Ever since, the Canal is Panama’s main income source and is currently being expanded. Panama has one of the largest and fastest growing economies of Central America and was rated the second most competitive economy in Latin America by the World Economic Forum. Besides the Panama Canal which provides massive income and employment for the country, Panama’s economy is mainly based on a well-developed service sector. Within this sector, banking, trading, commerce and lately tourism comprise the most significant part of Panama’s GDP.
Tourism in Panama has been increasing very quickly over the past years. Thanks to the country’s natural and cultural diversity, its political stability and economic incentives from the government, the arrival of tourists to Panama has been growing steadily. In 2012, tourism accounted for 4.4 billion US Dollar or 9.5% of Panama’s GDP.
Panama has always been a melting pot of cultures. Of the population of 3.4 million (May 2010) are 70% mestizo, 14% black, 10% white and 6% indigenous. The indigenous population include seven different tribes: Ngäbe, Guna, Emberá, Buglé, Wounaan, Naso Teribe and Bri Bri. The reason for the ethnically diverse society – which includes considerable populations of Afro-Antillean and Chinese – lies in Panama’s location and in its role as transit country. In the 1850’s many people from southern China immigrated to Panama to build the first trans-isthmian railroad. Afro-Panamanians – descendants of the Africans who arrived in colonial times – often live in small Afro-Panamanian villages on the Caribbean coast and in Darien. Immigrants from the Caribbean islands such as Jamaica, Barbados and Trinidad arrived mainly during the time of the construction of the Panama Canal in the late 19th and early 20th centuries.
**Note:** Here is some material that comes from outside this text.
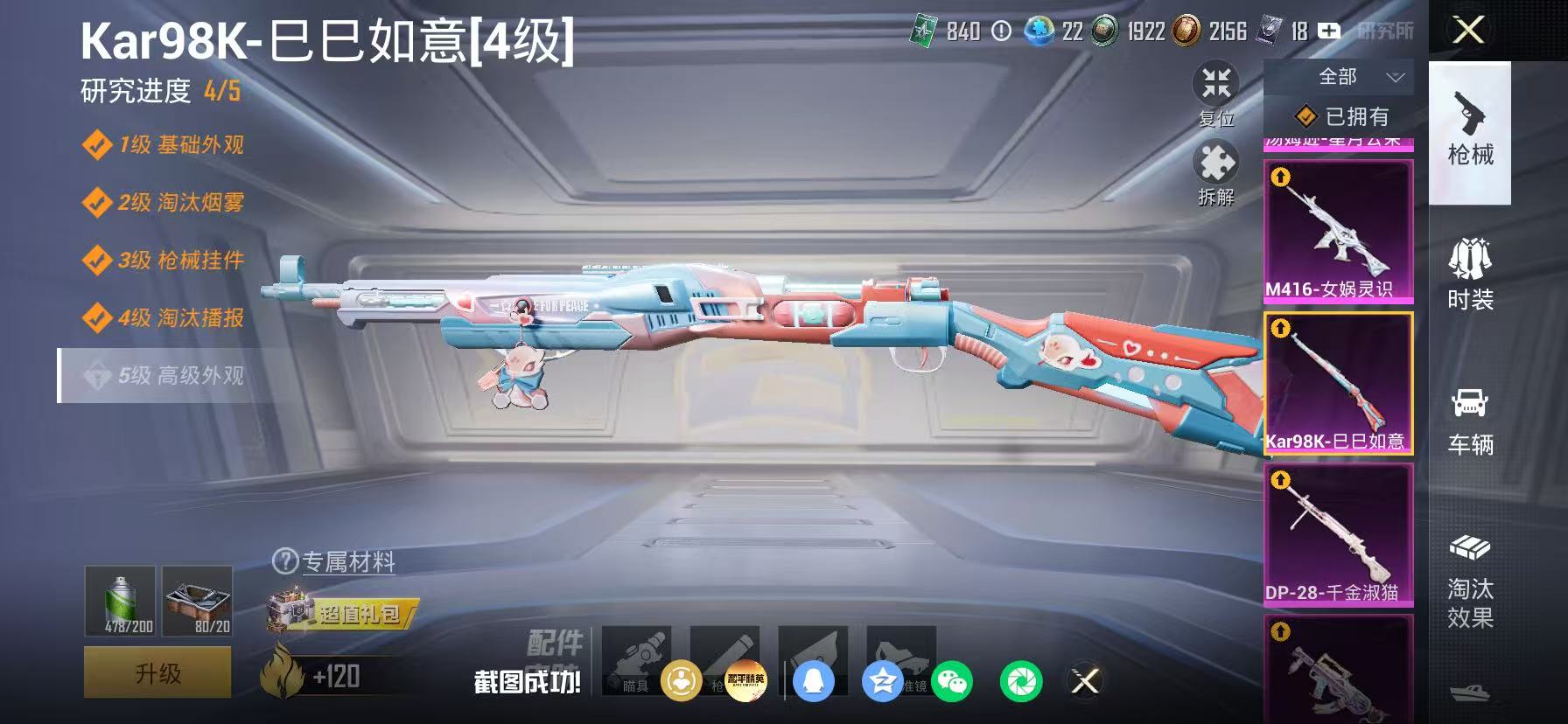 HPLX4202805和平精英账号详情图14 HPLX4202805和平精英账号详情图14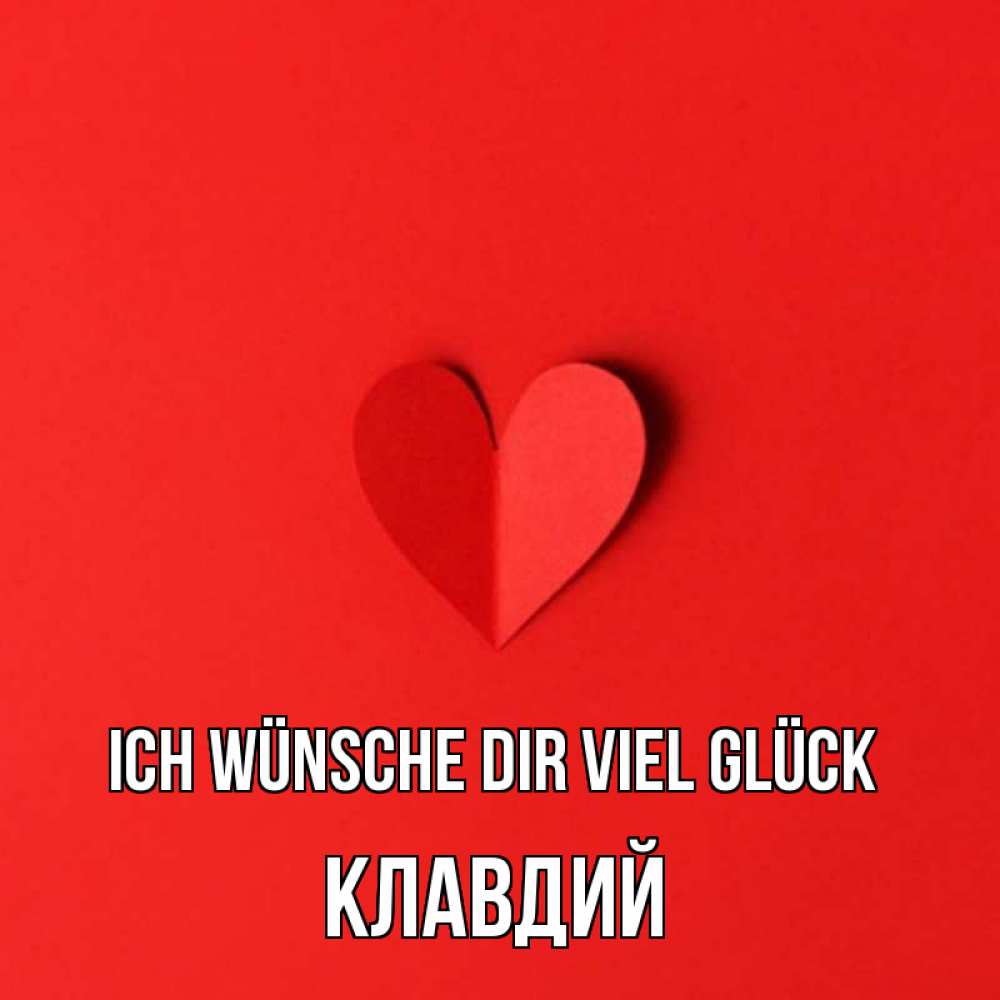 Открытка на каждый день с именем, Клавдий Ich wünsche dir viel Glück пусть повезет для любимых 1 Прикольная открытка с пожеланием онлайн скачать бесплатно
Thanks to this mix of cultures, Panama is rich in traditions and folklore. In Panama’s countryside, mainly the Azuero Peninsula, the traditions and customs clearly have Spanish colonial origins. On the Caribbean coast like Bocas del Toro or Portobelo however, the Afro-Caribbean heritage is unmistakable. Also the indigenous population have maintained their century old traditions and account for a big part of Panama’s ethnical and cultural diversity.
Panamanian handcrafts can be classified in pre-Columbian and Colonial articles. Among the handcrafts originating in the traditions and cultures of the different indigenous tribes the colorful Molas of the Guna Indians and the Emberá/Wounaan tribes’ woven baskets are most famous. The stunning women’s dress Pollera, Devil’s Masks as well as different music instruments such as drums, the Mejorana (type of guitar) or violins are clearly of Spanish colonial origin. Amazingly enough, the Panama Hat is not from Panama; it originates in Ecuador. Panama has its own traditional hat, called “Sombrero Pintao” (painted hat) mostly worn by farmers in the countryside to protect them from the sun.
The same diversity as in culture can also be observed in Panama’s gastronomy. Due to its location, Panama is home to a vast array of fresh and tasty fruits, herbs and vegetables as well as delicious seafood. The flavors of Panama combine vegetables already known to the locals in pre-Columbian times such as corn, cocoyam or cassava with ingredients that were later added by the Spanish such as rice or beef.